* [Task requirements] Take from the entries below the stretch from the line with "The Self-Centered Young" through the line with "Cowell, Simon (id=3702)", and return it exactly, leaving the pictures out.

'''

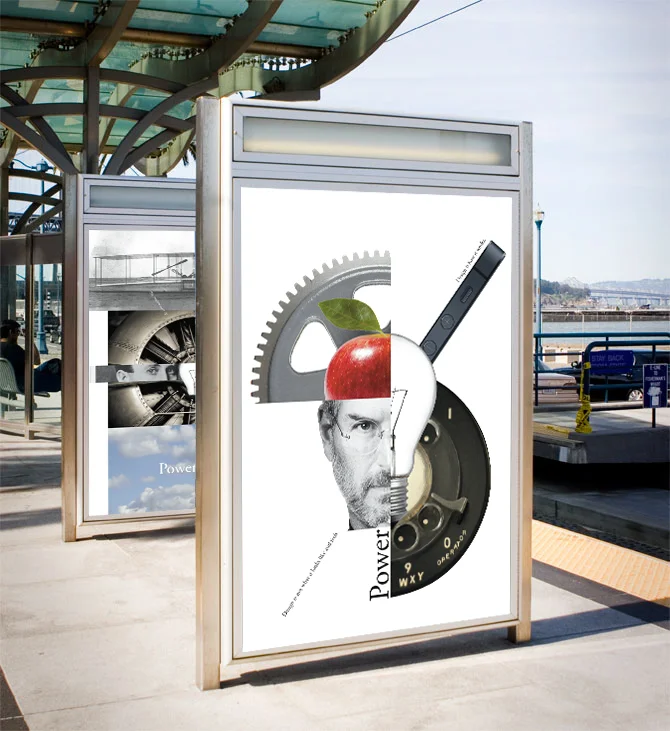 posters_bus_stop copy.jpg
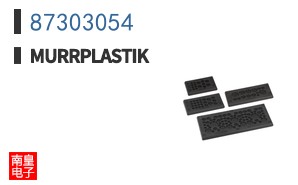 87303054 ͼƬ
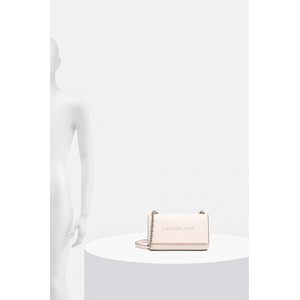 Calvin Klein Чанта (K60K612221) - answear - 160,36 лв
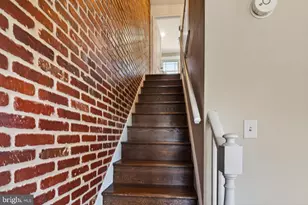 125 Price St, West Chester, PA 19382 - Photo 22
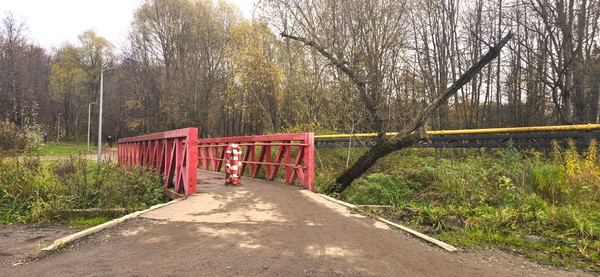 Продам участок 8,2 соток, ИЖС, Бурцево д, 0 км от города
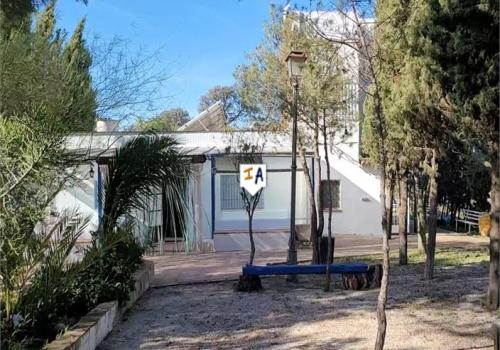 Properties in Osuna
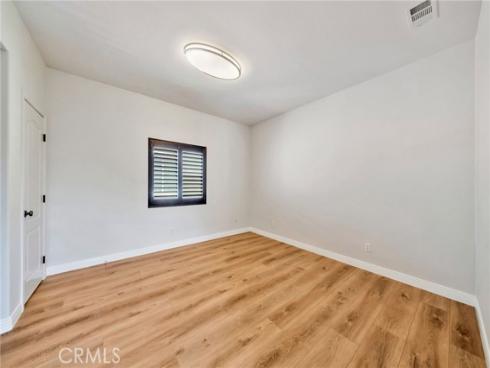 8 Caltrop Way, Ladera Ranch, CA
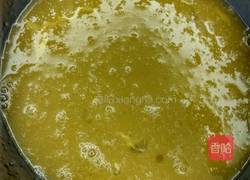 奶香椰蓉馅的做法图解1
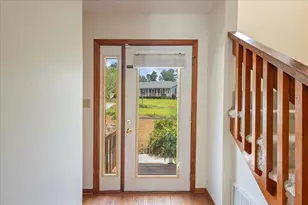 3736 Winchester Trail, Martinez, GA 30907 - Photo 10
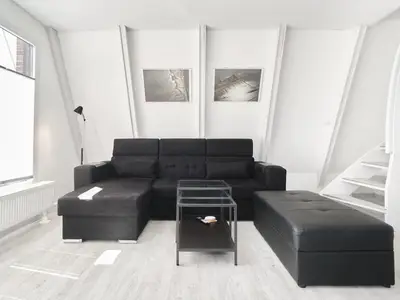 Ferienhaus für 4 Personen (65 m²) in Friedrichskoog 2/10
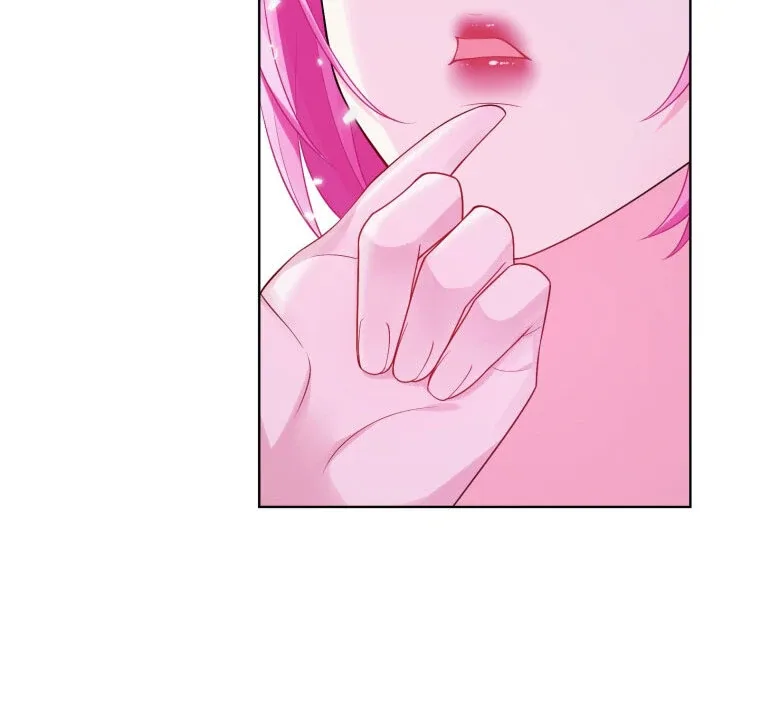 The Self-Centered Young Lady Falls For the Demon Lord Chapter 5 page 26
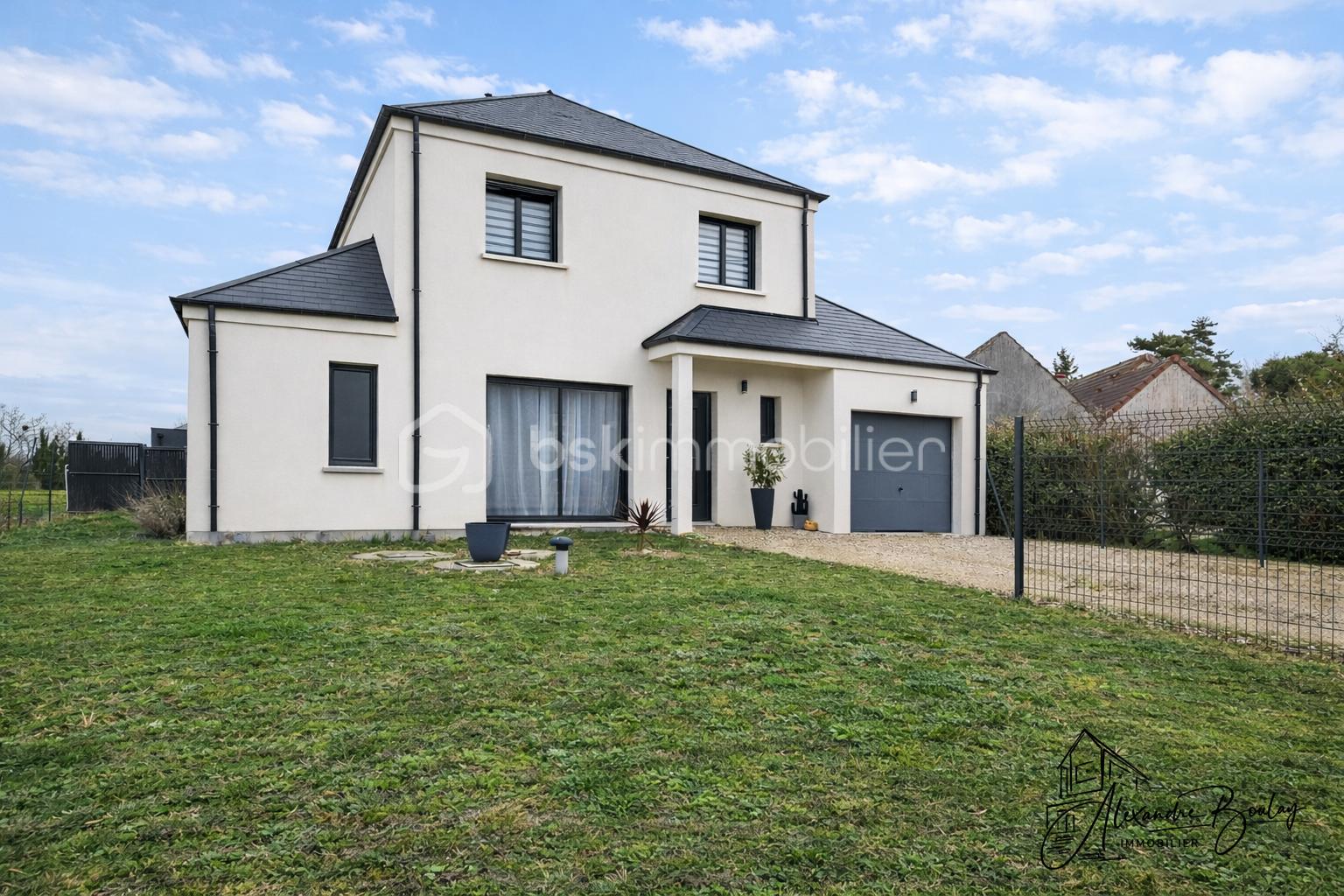 ChatGPT Image 28 févr. 2026, 16_52_15.png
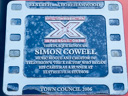 Cowell, Simon (id=3702)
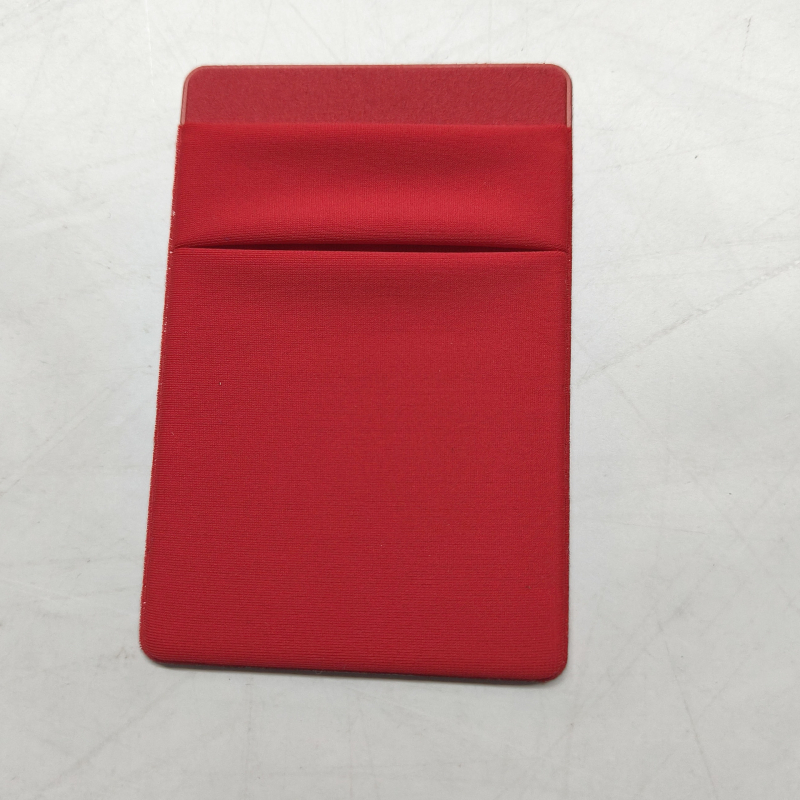 Két rétegű kialakítású mobiltelefon hátlap matrica, Lycra elasztikus anyag, Voltage kivitelezés, uniszex stílus, egyszínű minta, egyedi csomagolás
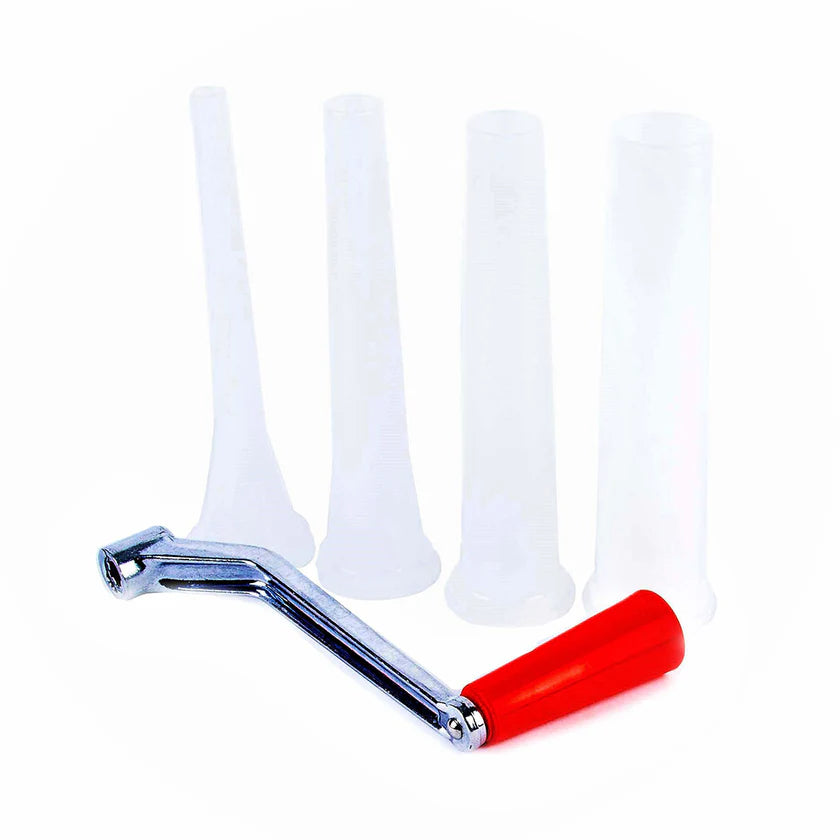 Trespade Sausage Filler 5L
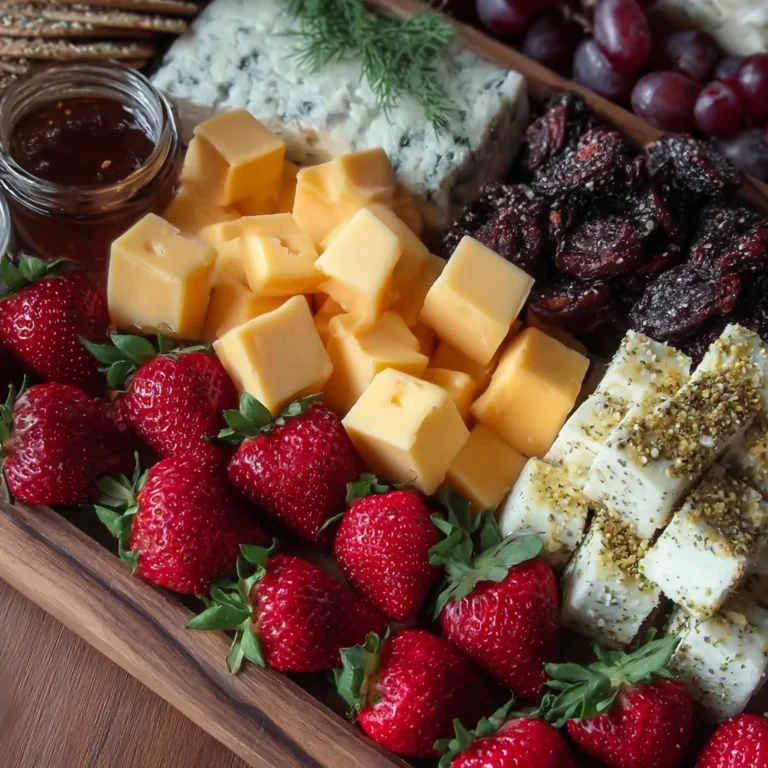 Perfect Graduation Charcuterie Board Ideas Class Colors Impress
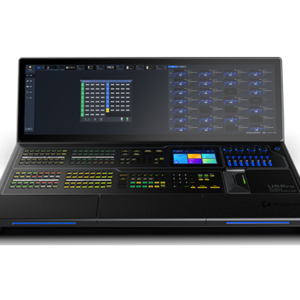 NovaStar U5 Pro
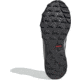 Adidas Terrex Tracerocker, Men's, Grey Four/Black/Grey Three, 10, G26415-10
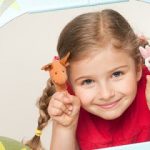 Δεν είναι μόνο το ασβέστιο απαραίτητο για την ανάπτυξη του σκελετού ενός παιδιού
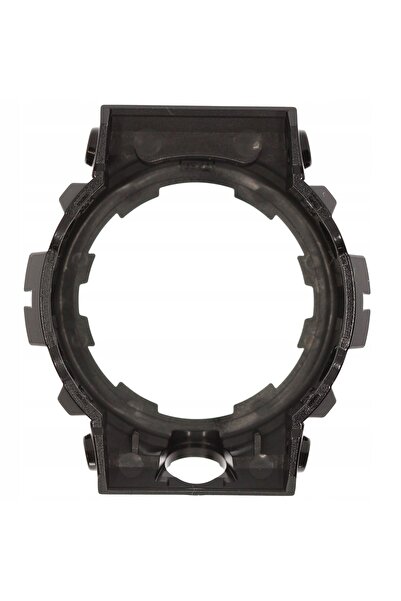 Casio 10570872 - Ramă / Carcasă - GA-810 / GA-810GBX-1A9 - Negru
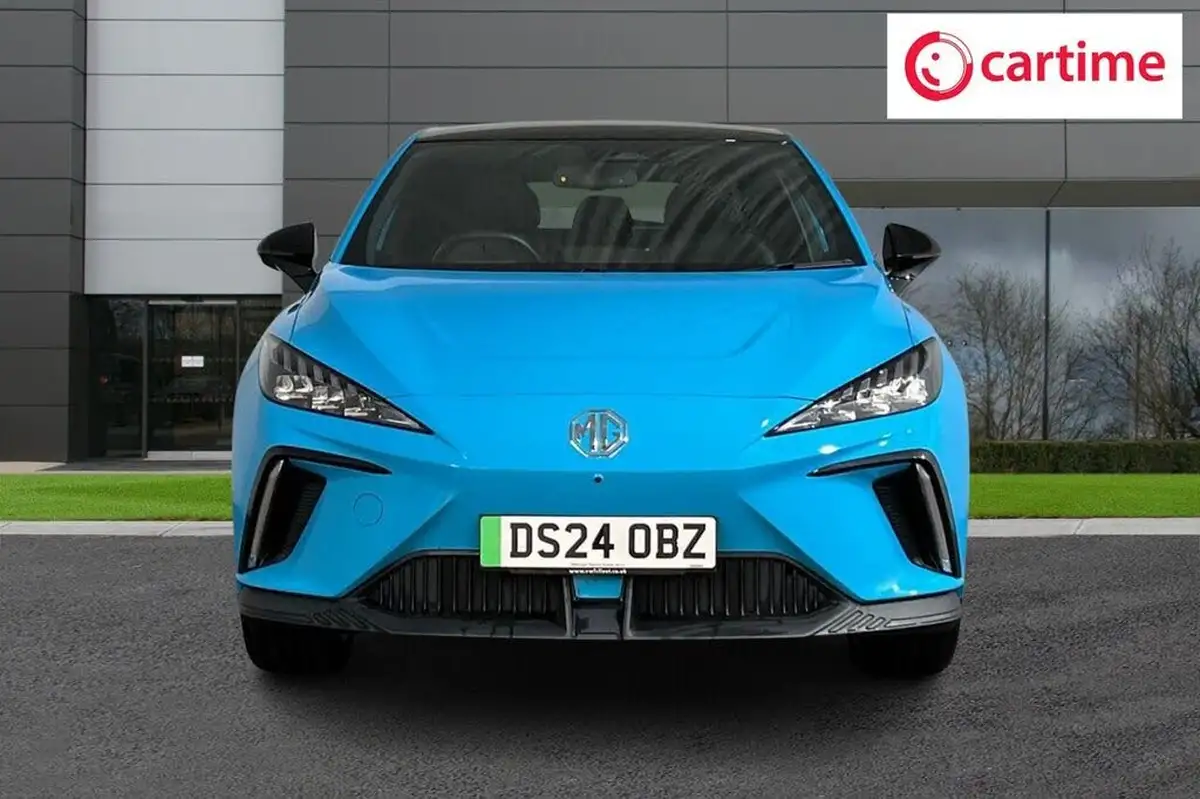 2024-mg-mg4-e-trophy-ev-245ps-extended-big-4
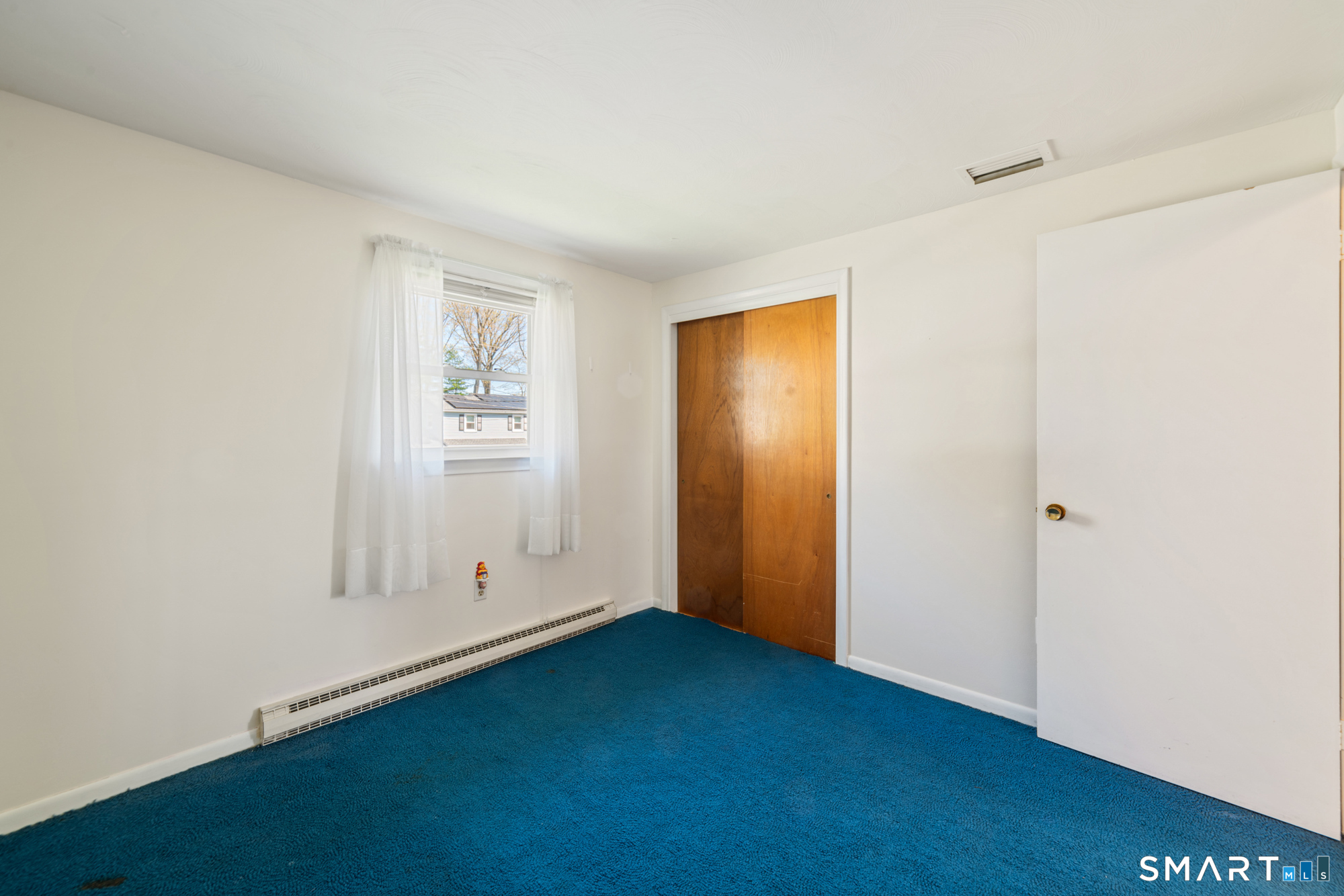 28 Beechwood Road Plainville CT 06062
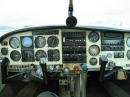 Mooney M20f Exec 21 Airplane For sale Dealer located at Broomfield, Colorado, USA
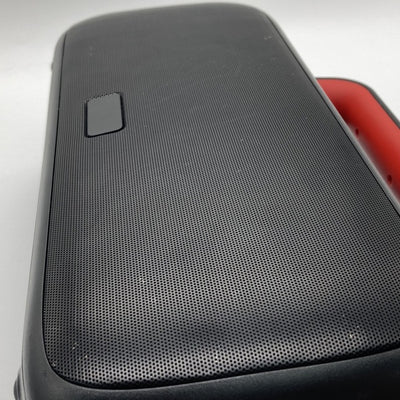 【中古】GRV-BS04LB【日本橋】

'''

* [Solution for this task]
 The Self-Centered Young Lady Falls For the Demon Lord Chapter 5 page 26
 ChatGPT Image 28 févr. 2026, 16_52_15.png
 Cowell, Simon (id=3702)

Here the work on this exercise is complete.